BALES, Vice Chief Justice.

¶ 1 Arizona’s implied consent statute, AR.S. § 28-1321, outlines how law enforcement officers can obtain consent to blood and breath tests from persons arrested for driving under the influence (“DUI”) and provides consequences for arrestees who refuse to submit to a test. Against this backdrop, we address whether the Fourth Amendment to the United States Constitution requires that a juvenile arrestee’s consent be voluntary to allow a warrantless blood draw. We hold that it does and that the juvenile court properly ruled that evidence of a blood draw was inadmissible because the juvenile did not voluntarily consent.

I.

¶2 On February 17, 2012, Tyler B., a sixteen-year-old high school student, and two friends arrived late to school. A school monitor smelled marijuana on the boys and also saw drug paraphernalia in Tyler’s car. School officials detained the boys in separate rooms and contacted the sheriffs office.

¶ 3 A deputy sheriff soon arrived and read Miranda warnings to Tyler. In the presence of several school officials, Tyler admitted that he had driven his car to school after smoking marijuana and that he owned some of the drug paraphernalia in the car. The deputy informed Tyler that he was under arrest for DUI and other offenses. Tyler became agitated and the deputy placed him in handcuffs. The deputy left Tyler with the assistant principal for about ten minutes while retrieving a phlebotomy kit to do a blood draw.

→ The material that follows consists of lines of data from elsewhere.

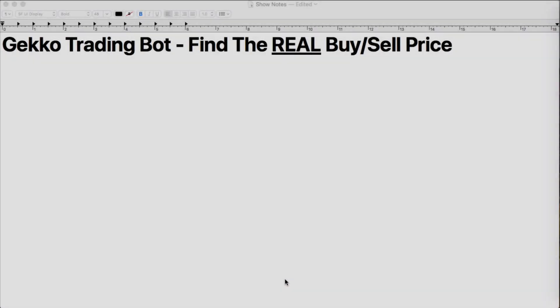What's up everybody, this is Jack from Crypto49er bringing you my knowledge in cryptocurrency. Today I want to talk about Gecko Trading Bot and finding the real buy and sell price.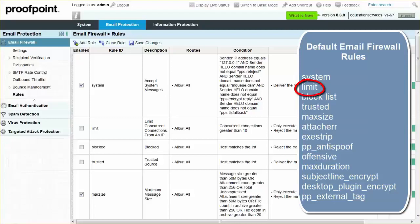Specifically, the rule temporarily rejects messages from an IP address that exceeds the concurrent connection limit. By default, this rule is configured to not allow concurrent connections of greater than 10.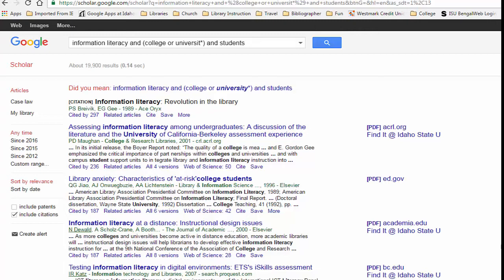At the bottom of each entry is information about how many times the article has been cited, links to related articles, and if there are other versions of the same publication. In addition, the Web of Science number is the number of results the article is cited in other sources indexed in Web of Science. There are also citation helps and a link to save the article.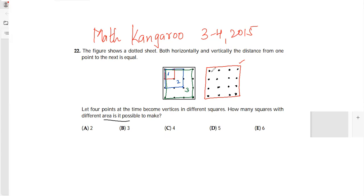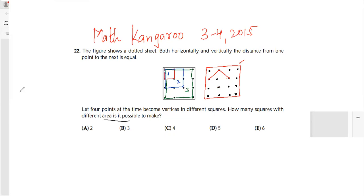So can I also do like this? This is my square number 4. I can also join these points to form another square. Let me draw one more figure — that was square number 4.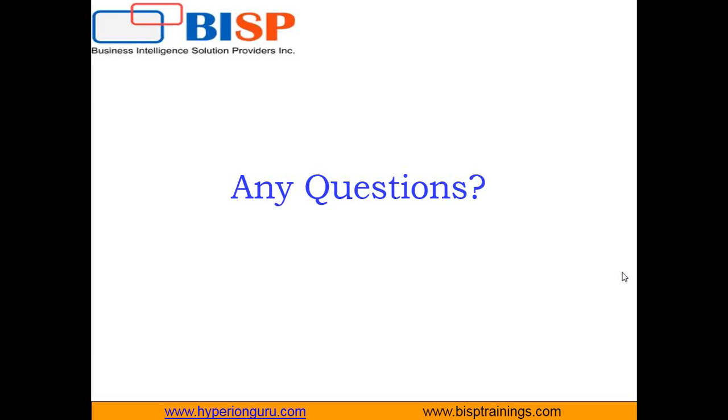So that's all in this video. If you have any queries you can write to us on www.bisptraining.com. You can subscribe our YouTube channel if you want to know more videos on QlikView. Keep watching. Have a nice day. Goodbye.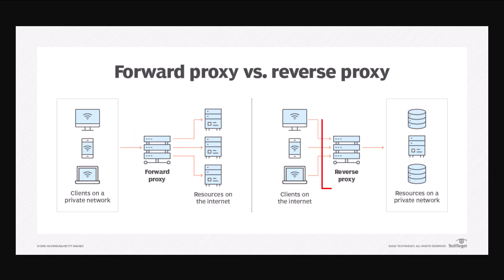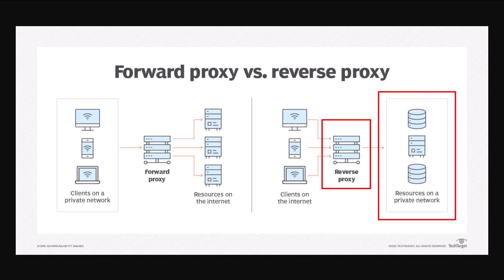Now let's talk about the use case for a reverse proxy. With a reverse proxy you have important resources like application servers, your email server, databases, NoSQL servers — all located on a secure private network — and you don't want anybody to have direct access to those machines. But at the same time, people on the internet need to gain access to your website, they need to check their email. So what you do is you set up a reverse proxy.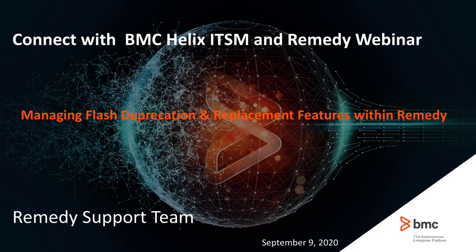Welcome to the Connect with BMC Helix ITSM and Remedy webinar. During today's webinar, you are able to ask questions of our panelists. The presentation and any Q&A will be published to our YouTube channel within a week of today's broadcast. Today, we are talking about managing flash deprecation and replacement features within Remedy.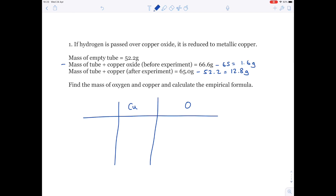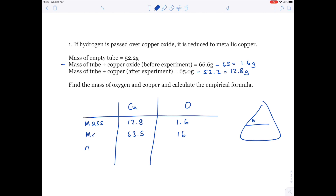So we're ready to get started now. As always, use the table format. The mass of copper is 12.8 and the mass of oxygen was 1.6. Use your periodic table to find the MR of copper, which is 63.5. The MR of oxygen is 16. To work out number of moles, you need the formula triangle — number of moles is mass divided by MR. So for copper: 12.8 divided by 63.5 gives 0.20157.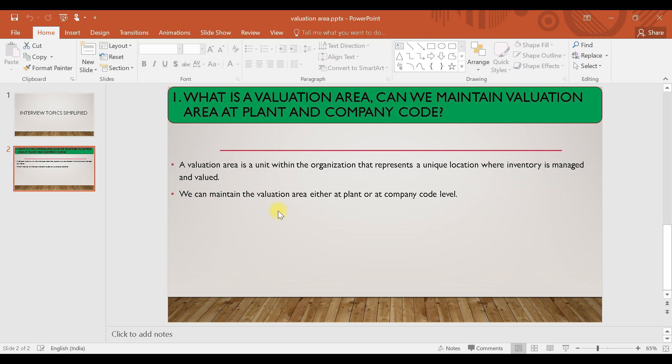Why is it needed? Let's say you have plants in different locations — one plant in Mumbai, one in Chennai, and one in Kolkata. These are at different geographical locations and may have different laws, regulations, and governments, so the prices will vary.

¶ 4 When the deputy returned to the room, he saw that Tyler had calmed down, so he removed the handcuffs from the youth. He read Tyler an “implied consent admonition” twice, first verbatim and then in “plain English.” The admonition provided in relevant part:

Arizona law requires you to submit to and successfully complete tests of breath, blood or other bodily substance as chosen by the law enforcement officer to determine alcohol concentration or drug content. The law enforcement officer may require you to submit to two or more tests. You are required to successfully complete each of the tests.
If the test results are not available ... or indicate any drug defined in ARS 13-3401 or its metabolite, without a valid prescription, your Arizona driving privilege will be suspended for not less than 90 consecutive days.
If you refuse to submit or do not successfully complete the specified tests, your Arizona driving privilege will be suspended for 12 months, or for two years if there is a prior implied consent refusal, within the last 84 months, on your record. You are, therefore, required to submit to the specified tests.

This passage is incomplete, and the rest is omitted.